───── DATA EXCERPT ─────

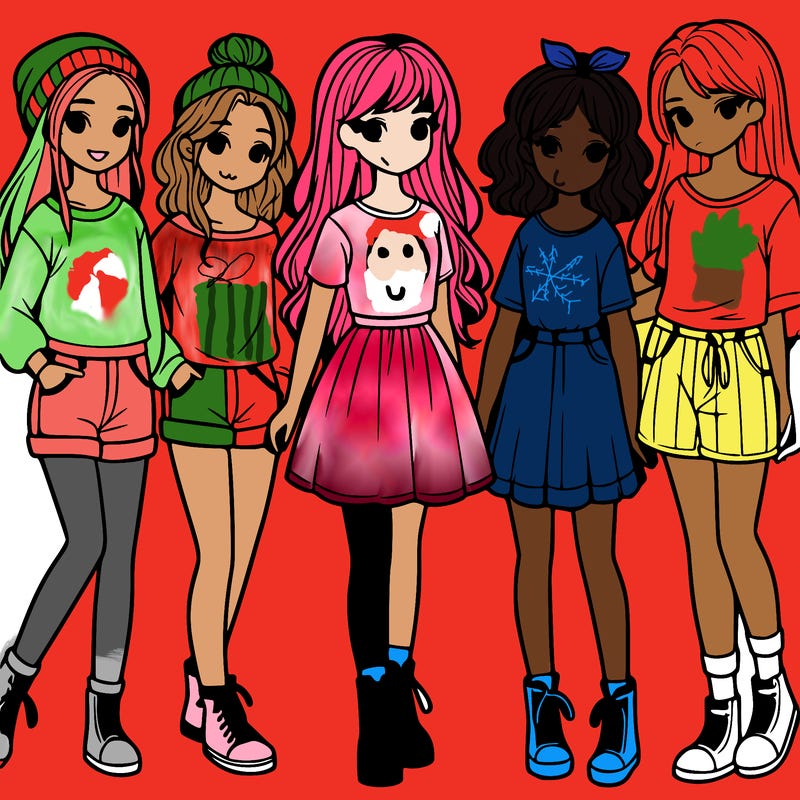 a group of five girls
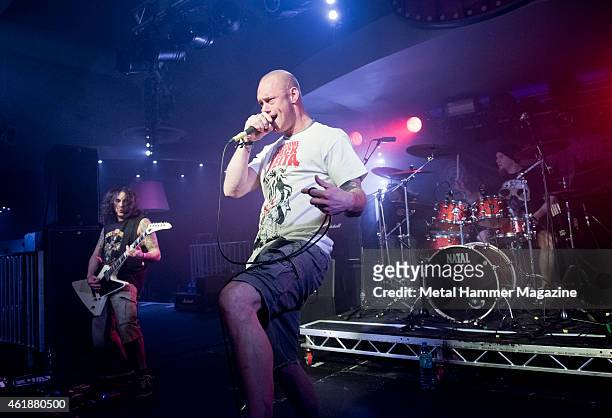 Vocalist Joe Thompson and guitarist Jason Putter of English heavy metal group One For Sorrow performing live on stage at Hammerfest music festival in...
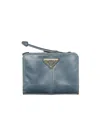 Prada Small Leather Wallet In Pilot Blue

─────

#### [YOUR TASK]
Print every line of the material exactly as written, but drop the pictures.

#### [REPLY TO THE TASK]
 a group of five girls
 Vocalist Joe Thompson and guitarist Jason Putter of English heavy metal group One For Sorrow performing live on stage at Hammerfest music festival in...
 Prada Small Leather Wallet In Pilot Blue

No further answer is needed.